Das Bike ist Größe S/M und ich 184 cm. Auf der offiziellen Seite heisst es das der Rahmen bis 185 cm passt - ich hatte jedoch mal ein Mini DH aus dem Jahre 2009 und war mit der Größe S/M nicht wirklich zu frieden.
Daher bin ich nun etwas planlos. Einsatzgebiet ist zu 100 % Downhill.

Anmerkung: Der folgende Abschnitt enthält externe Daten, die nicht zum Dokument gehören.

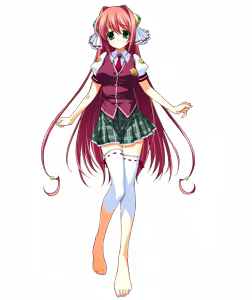 Page 319 of ~Pants o Miseru Koto, Sore ga...~ Daiuchuu no Hokori (Character set) - transparent - preview thumbnail
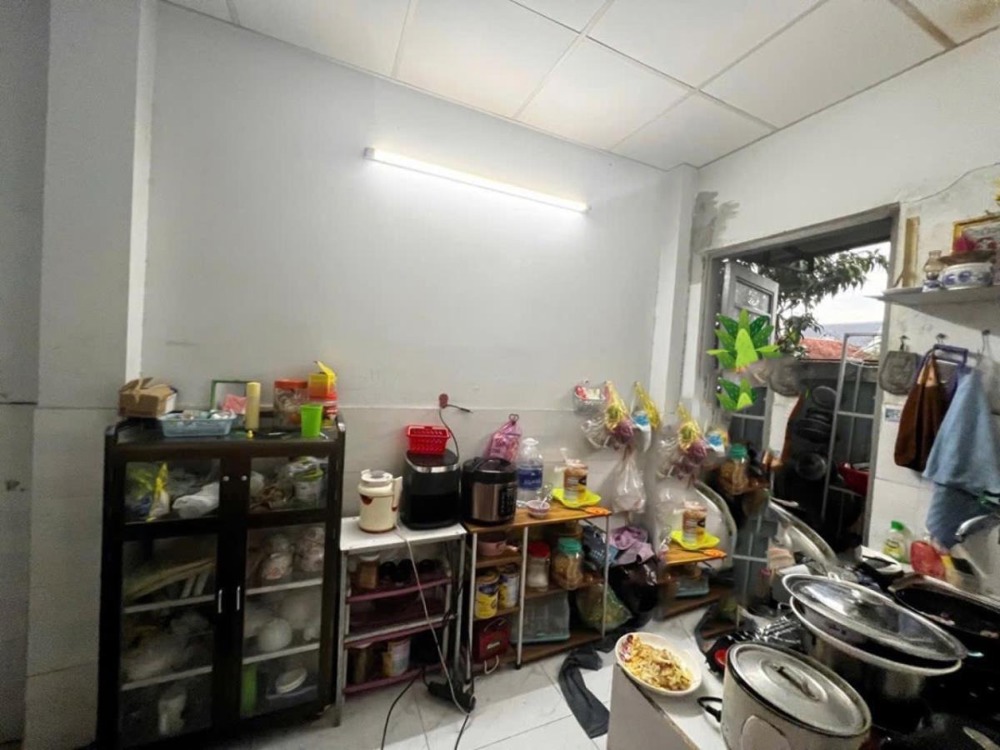 Nhà 2 Tầng Khu Phân Lô QL1A Quận 12: 56m2, Giá 3.x Tỷ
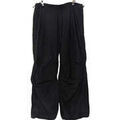 Pantalons sur Grenoble : Pantalon Teddy Smith Pantalon/Pantacourt Taille 34 / XS Noir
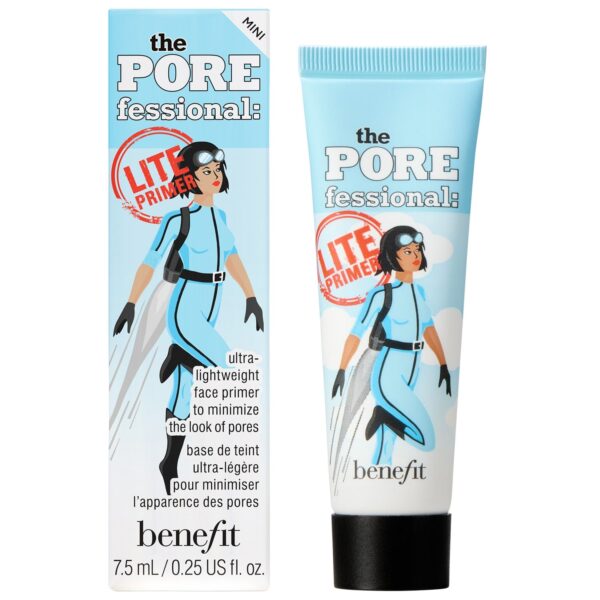 benefit The POREfessional Lite Ultra Lightweight Pore Minimising Face Primer — изображение 2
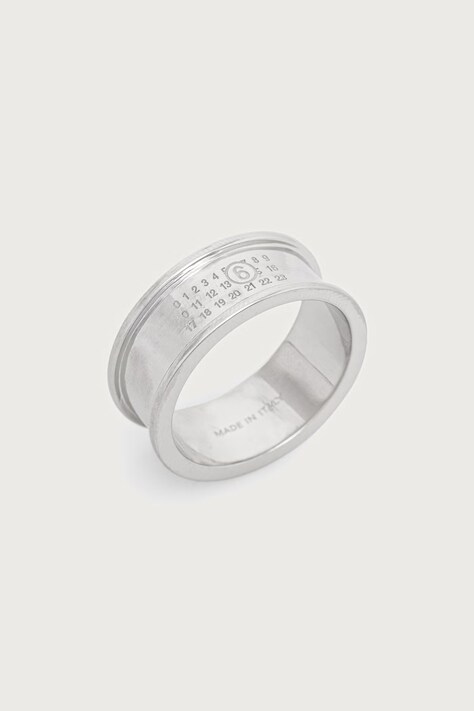 MM6 Maison Margiela Prsteň dámsky SM6UQ0125-P9264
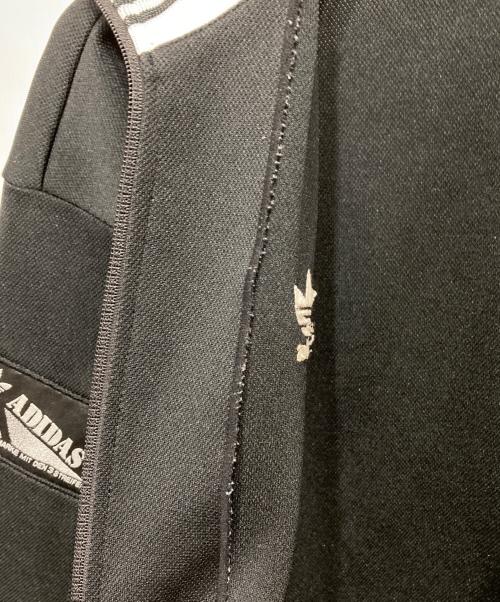 adidas（アディダス）adidas (アディダス) トラックジャケット ブラック サイズ:Lの古着・服飾アイテム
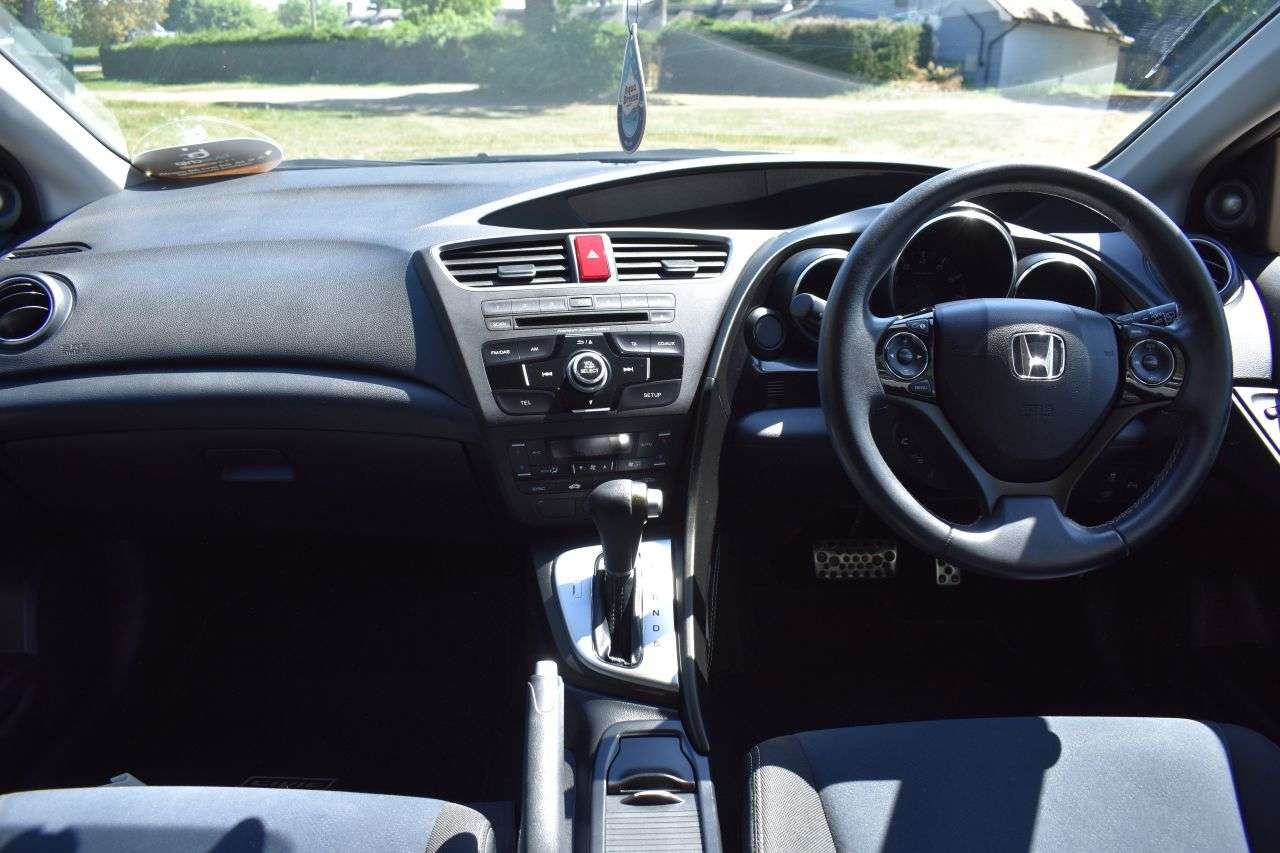 2015 HONDA CIVIC 2015 HONDA CIVIC
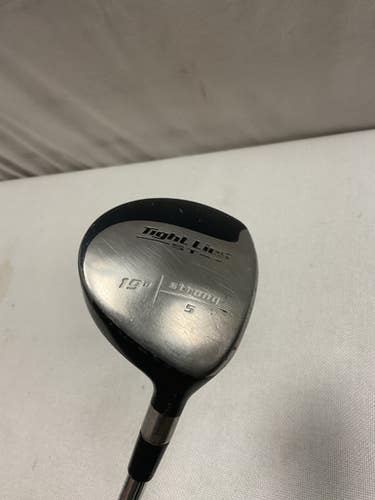 Used Adams Golf Tight Lies St Mens Fairway Wood Rh 5 Wood 11490-s000274454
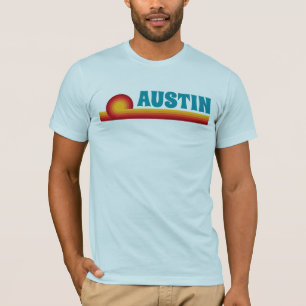 Vintage-Inspired Austin Love Men's Tee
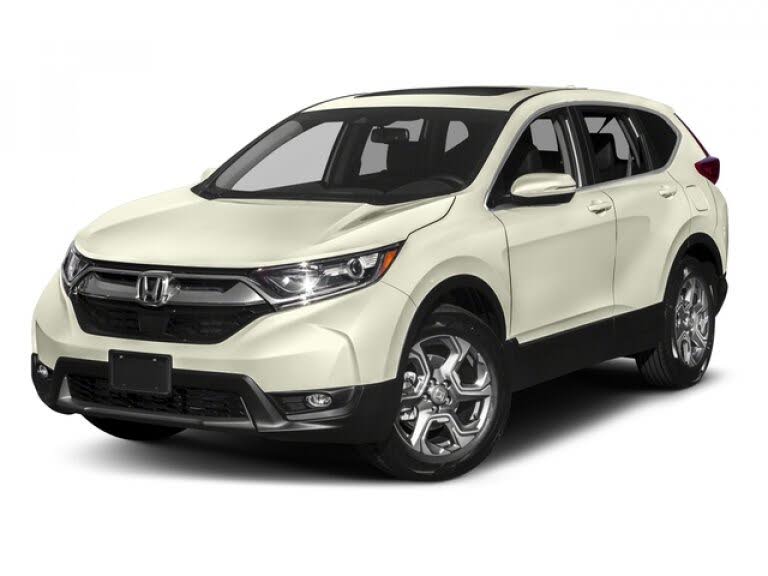 2017 Honda CR-V EX-L FWD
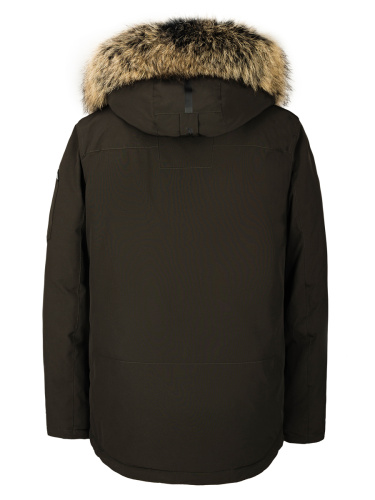 Куртка зимняя муж.S F SU19815 BF-11 енот фото 3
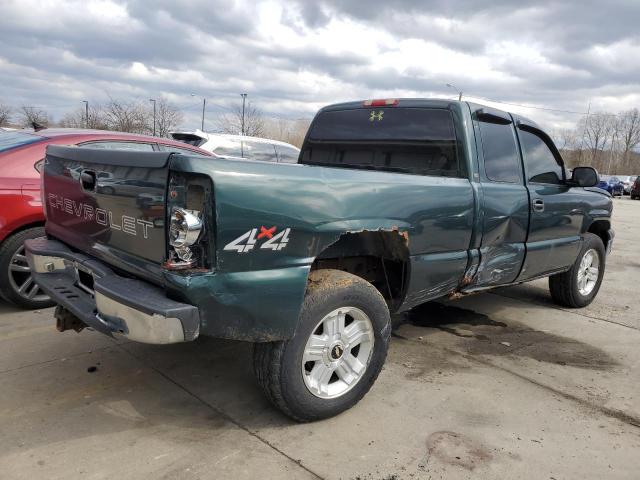 Photo 3 from auction – 2005 CHEVROLET SILVERADO with VIN 1GCEK19B55E165014
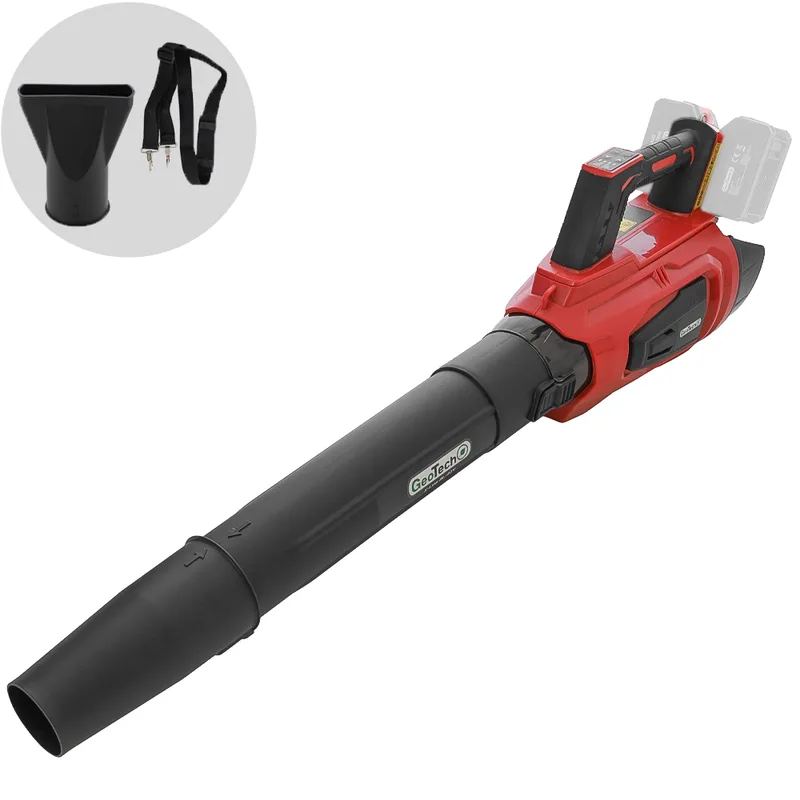 GeoTech X-Line BL-40V - Souffleur de feuilles sur batterie - 40 V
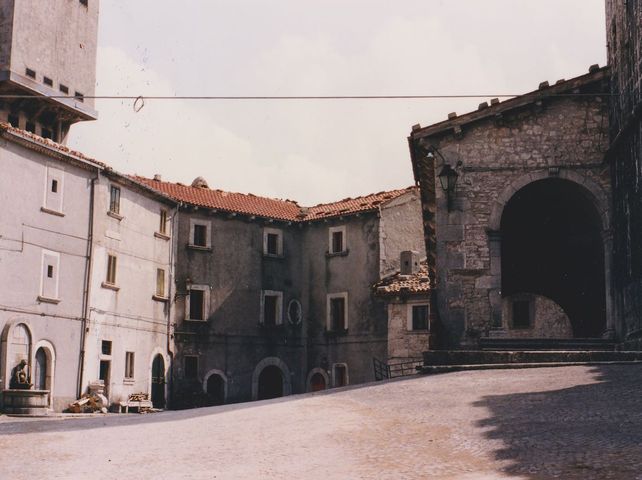 Castello Angioino di Vastogiradi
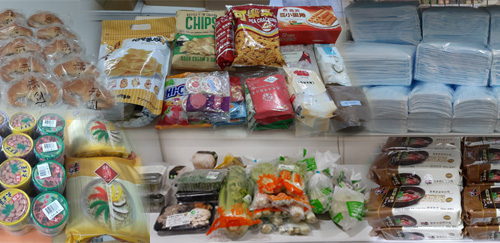 2021年3月捐贈清單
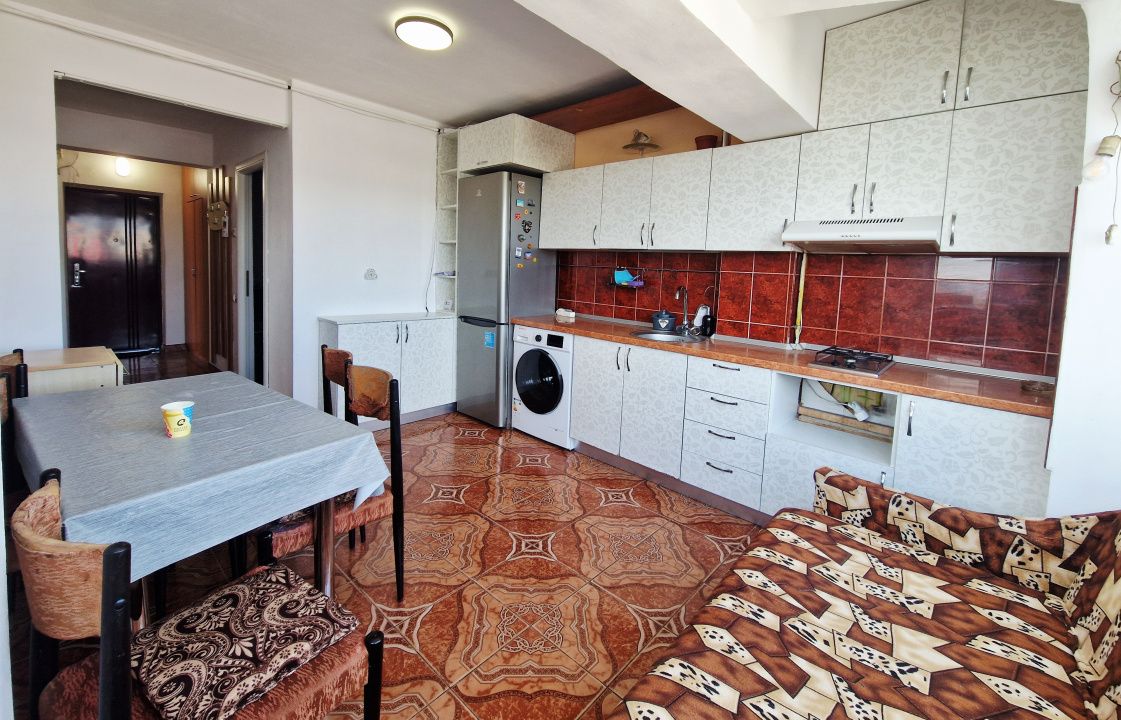 Mărăști, 2 camere mobilat si utilat – fotografia 6 din 17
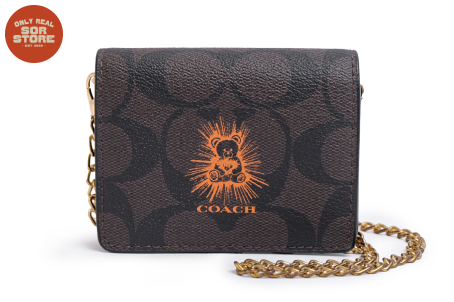 Coach Small Zip Wallet 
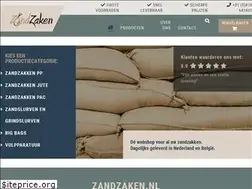Sites similar to zandzaken.nl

Würde mich freuen wenn ich eine Info bekommen würde von jemanden der Erfahrung oder wirklich Ahnung hat.
Pauschale Aussagen habe ich genug im Freundeskreis. 

Danke und viele Grüße


----------



## Mr.A (26. März 2012)

also ich hatte den rahmen auch in s/m mit 1,71m und fand ihn ehr zu kurz...würde mit 1,84 auf jeden Fall den L kaufen.


----------



## MTB-News.de




----------



## hollowtech2 (26. März 2012)

Fuffy schrieb:


> Hallo zusammen,
> 
> kann derzeit günstig an ein neues Commencal Supreme DH Atherton Edition aus dem Jahre 2011 kommen und habe nun eine eilige Frage an Euch bezüglich der Größe!
> Das Bike ist Größe S/M und ich 184 cm. Auf der offiziellen Seite heisst es das der Rahmen bis 185 cm passt - ich hatte jedoch mal ein Mini DH aus dem Jahre 2009 und war mit der Größe S/M nicht wirklich zu frieden.
> ...




Bei Deiner Größe hast du die Qual der Wahl....

Liegst genau zwischen beiden Größen. S/M bis 1,84m, L/XL ab 1,82m

Jetzt liegts bei Dir. Wenn du lieber ein wendiges Bike bevorzugst, dann greif zur kleineren Größe.

Gruß
Ralf


----------



## Fuffy (26. März 2012)

Hallo noch mal,

danke für den Input und Eure Antworten.
Hat mir geholfen.

Viele Grüße


----------